In un volume pubblicato nel 1991 avevo sostenuto che proprio le sentenze straniere che condannano ai danni punitivi dovessero essere riconosciute dal nostro ordinamento. Quali espressione della più ampia categoria delle pene private, mi era parso che tali provvedimenti potessero rappresentare una lente d’indagine privilegiata attraverso la quale osservare un processo di ravvicinamento tra i sistemi appartenenti alle diverse famiglie della tradizione giuridica occidentale, e segnatamente quelli di civil law, cui il nostro ordinamento appartiene, e quelli di common law, nel quale l’istituto è stato elaborato.

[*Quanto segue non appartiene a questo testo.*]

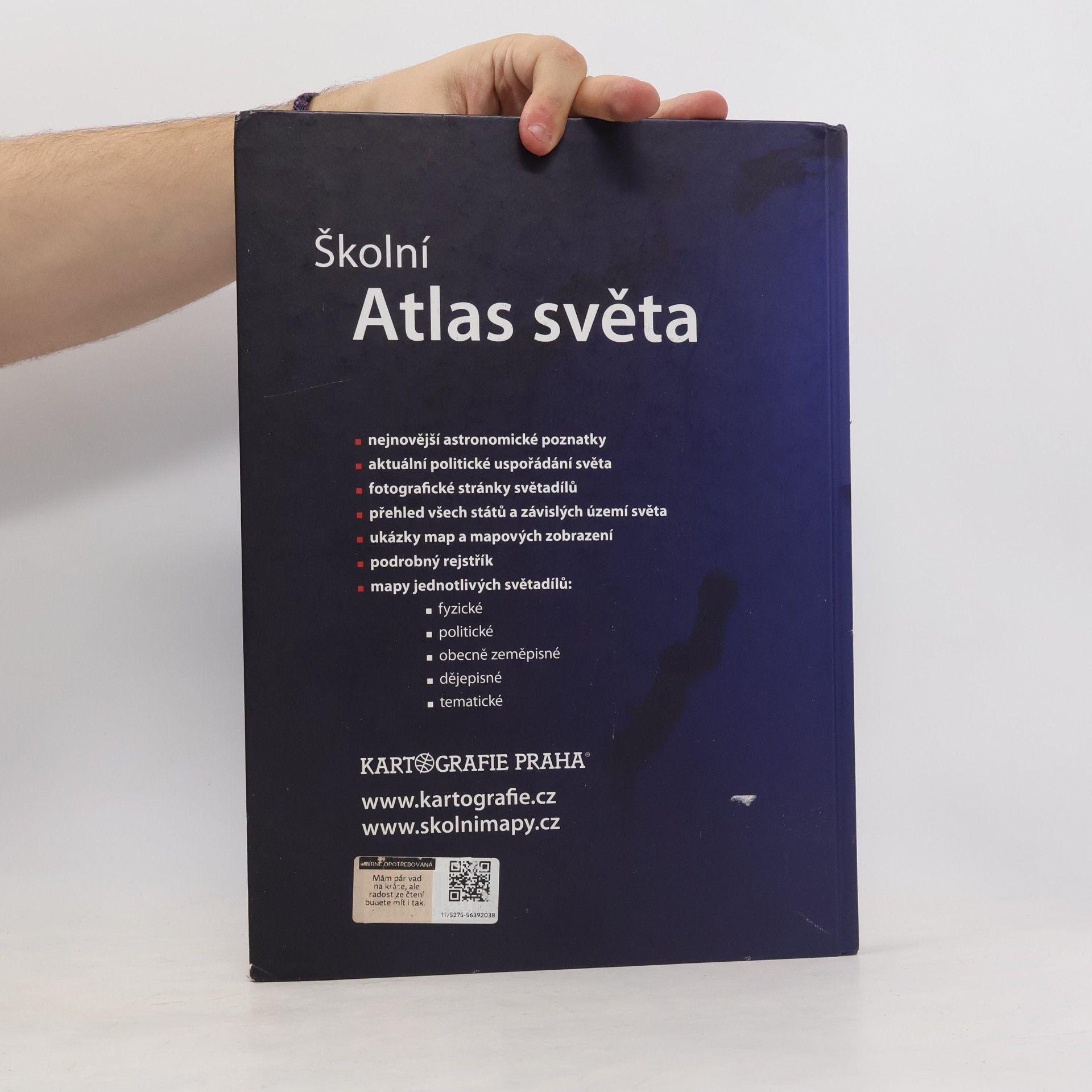 Various authors Školní atlas světa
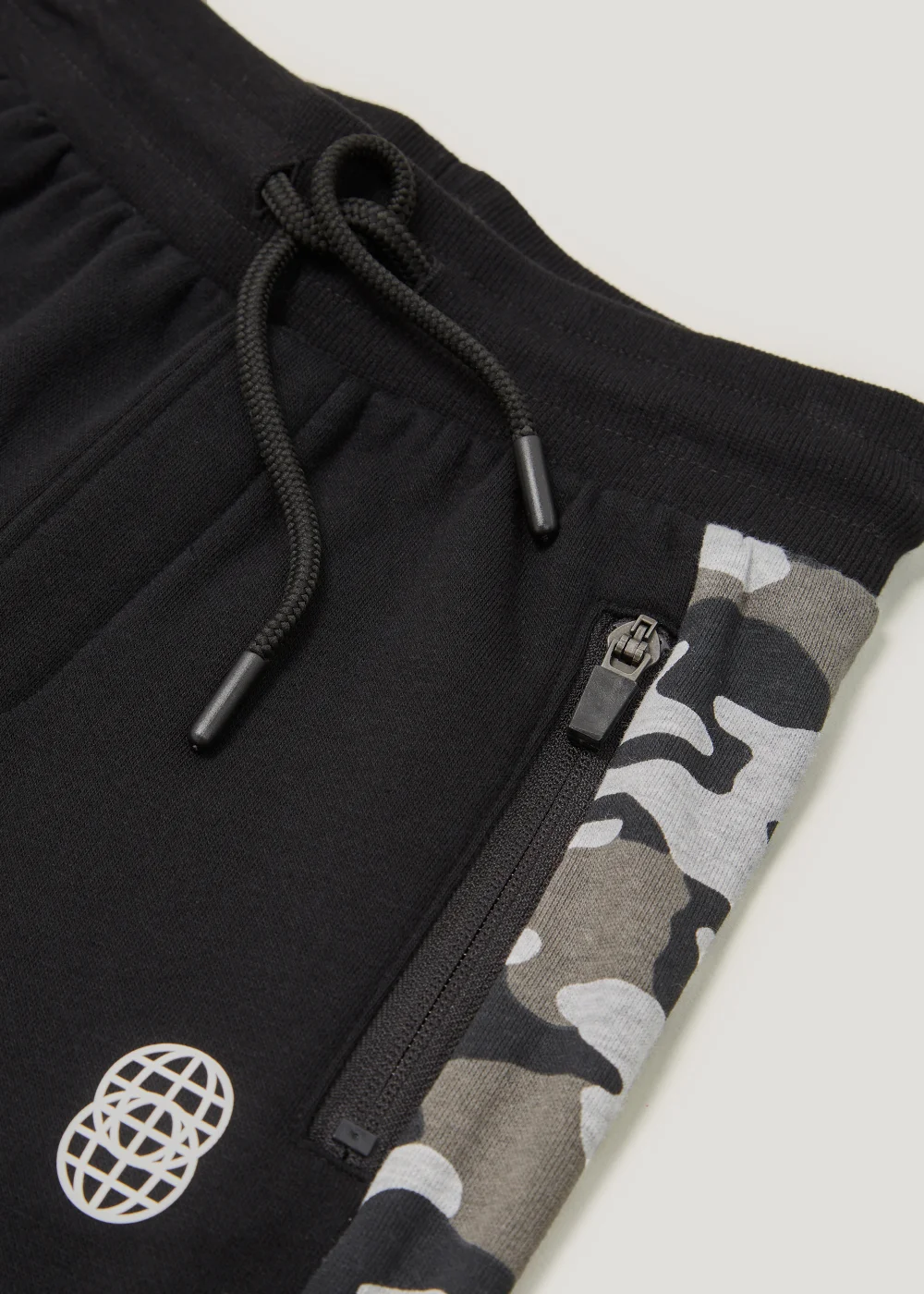 Boys Black Camo Joggers (4-13yrs) - Age 7 Years Image 2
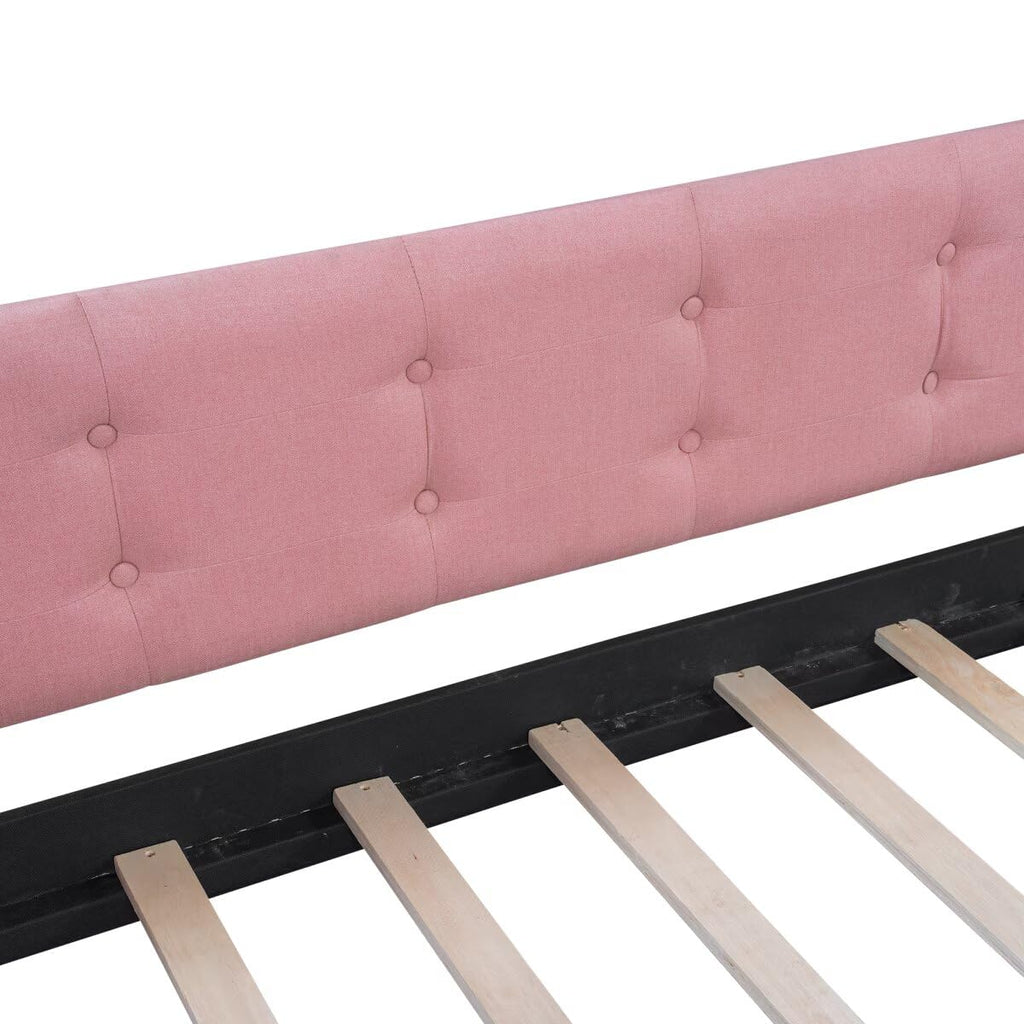 Pink Twin Size Upholstered Daybed H43677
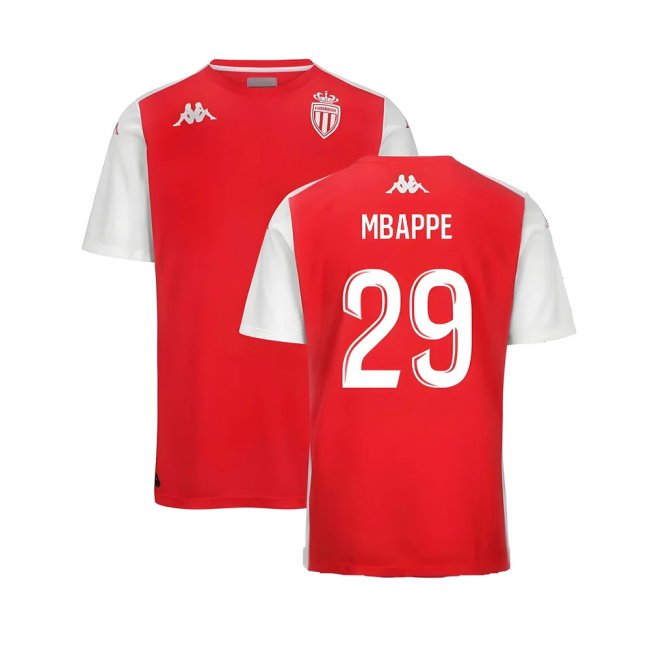2024-2025 AS Monaco Player Training Shirt (Red) (Mbappe 29)-SoccerKits Hub | Buy Soccer Jerseys Online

La decisione della Cassazione si pone oggi in linea con quella riflessione. All’attenzione della Corte è stato posto, infatti, l’interrogativo sulla compatibilità con i principi fondanti il nostro sistema di una disciplina in forza della quale ilresponsabile di un illecito civile sia condannato alla corresponsione di una somma superiore all’equivalente monetario del pregiudizio patito dal danneggiato. Secondo una consolidata impostazione interpretativa, in passato sostenuta dalla stessa Suprema Corte, ciò appariva incompatibile con la funzione tradizionalmente ascritta alla responsabilità civile, che sarebbe solamente quella di restaurare la sfera patrimoniale del soggetto che ha subito la lesione, mediante il pagamento di una somma di denaro che deve tendere ad eliminare integralmente le conseguenze del danno arrecato. Ammettere, invece, che la condanna possa essere di ammontare (anche di molto) superiore implica l’accettazione del ruolo regolatorio della disciplina dell’illecito extracontrattuale, che, come ci è stato insegnato da Guido Calabresi, dovrebbe esser focalizzata non già sulla posizione della vittima, quanto, e forse primariamente, su quella del potenziale danneggiante, per il quale il costo del risarcimento dovrebbe esser tale da scoraggiare, ex ante, il compimento di condotte lesive (ed eventualmente a sanzionarne, ex post, l’avvenuta realizzazione).
Fino ad oggi, la ritenuta funzione esclusivamente compensativa della responsabilità civile aveva indotto i giudici italiani ad escludere che un provvedimento emesso in altro Stato, ove i danni puntivi fossero positivamente riconosciuti, potesse trovare esecuzione nella giurisdizione nazionale. Con quest’ultima pronuncia, la Suprema Corte ha, invece, riconosciuto i mutamenti cui l’istituto della responsabilità civile è andato incontro, anche nel nostro ordinamento, negli ultimi decenni. La sentenza si articola, infatti, attraverso il richiamo ad una serie di indici normativi che, già nella loro formulazione legislativa, o per come applicati nella prassi giurisprudenziale, paiono idonei a revocare in dubbio che la finalità riparatoria, seppur prevalente nel nostro ordinamento, sia davvero l’unica attribuibile al rimedio risarcitorio. Tale rilevante trasformazione dell’istituto, di tradizione romanistica, dell’illecito aquiliano è stata peraltro accompagnata, nell’ultimo torno d’anni, da un’intensa produzione della nostra letteratura giuridica, la quale, a più voci, ha ritenuto sempre più auspicabile una rivisitazione del ruolo attribuito al risarcimento del danno, proprio in vista di una maggiore prevenzione e comunque di un più efficace controllo di illeciti ed abusi.
La tappa di ieri segna un momento di estrema rilevanza in questo percorso: le Sezioni unite hanno esplicitamente escluso che la responsabilità civile italiana sia intrinsecamente incapace di aprirsi a scopi diversi da quello compensativo, ritenendo interne al sistema anche la funzione di deterrenza e quella sanzionatoria. Se, ad oggi, tali principi sono stati affermati espressamente con riguardo al riconoscimento interno di provvedimenti resi da giudici stranieri, mi pare al tempo stesso che quest’ultimo arresto non possa che stimolare, per il legislatore così come per l’interprete, una rinnovata riflessione sulle traiettorie che, anche nel nostro ordinamento, potranno di qui in avanti esser assunte dalla responsabilità civile.